Feeling Forsaken by God
Do you ever feel forsaken by God? Have you ever wondered whether he’s rejected you? Do you sometimes think he’s abandoned you?
We all do, and we’re not alone. God’s people have wrestled with feeling forsaken by God for ages. The psalmist asks, “Why, O Lord, do you stand far away?” (10:1) “How long, O Lord? Will you forget me forever? How long will you hide your face from me?” (13:1) “My God, my God, why have you forsaken me?” (22:1)
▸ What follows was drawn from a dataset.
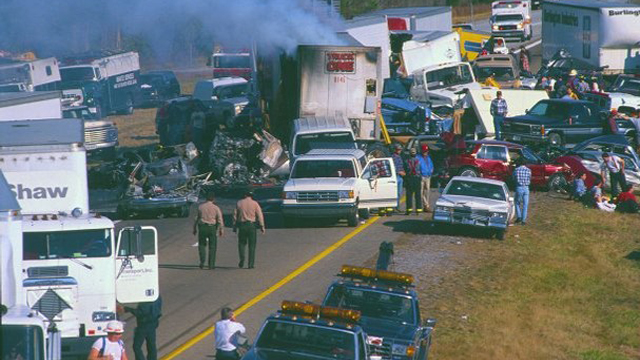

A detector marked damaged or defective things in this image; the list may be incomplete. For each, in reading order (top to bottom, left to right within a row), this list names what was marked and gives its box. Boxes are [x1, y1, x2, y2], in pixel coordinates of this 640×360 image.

crashed vehicle [116, 144, 204, 219]
crashed vehicle [444, 138, 568, 190]
crashed vehicle [564, 135, 640, 190]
Maybe there’s a loneliness that you can’t shake, a frustration that you’re still single, a marriage that’s difficult, a health issue that won’t resolve, a nagging family dynamic that won’t go away, a besetting sin, a financial stress, a baby that won’t sleep, an inner turmoil that won’t subside. All these things and more shake our confidence that God is with us.
We reason like this: if God were with us, I wouldn’t feel this way or this wouldn’t be happening. We wonder why God seems far away when our desires are to be close to him. We think that God has finally had enough of our sinning and has turned away from us. We conclude that his presence in our lives is contingent on our performance.
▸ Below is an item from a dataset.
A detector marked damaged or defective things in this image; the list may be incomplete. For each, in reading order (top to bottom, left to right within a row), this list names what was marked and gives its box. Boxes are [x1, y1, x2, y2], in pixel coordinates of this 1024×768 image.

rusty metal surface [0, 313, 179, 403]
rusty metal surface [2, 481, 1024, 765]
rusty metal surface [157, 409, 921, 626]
God is with His People Wherever They Go
But then we read the Bible and we meet a man like Jacob. He was a sinful and scheming and deceitful man. He’s a fugitive on the run from his brother who wanted to kill him. His parents sent him away for his own protection. He’s leaving the promised land headed to a foreign country. Jacob is all alone, journeying through the wilderness, a homebody wondering if he’ll ever get to go back home, wondering if his sins have finally caught up to him.
And then one night, as the sun sets and he drifts into sleep, something remarkable happens. God visits him! Instead of coming to punish him for his sins or curse him for his evil deeds, he comes to bless him and promises that he hasn’t forsaken him. He tells him that he’s with him, and will be with him, no matter what. This is amazing and surprising grace from God.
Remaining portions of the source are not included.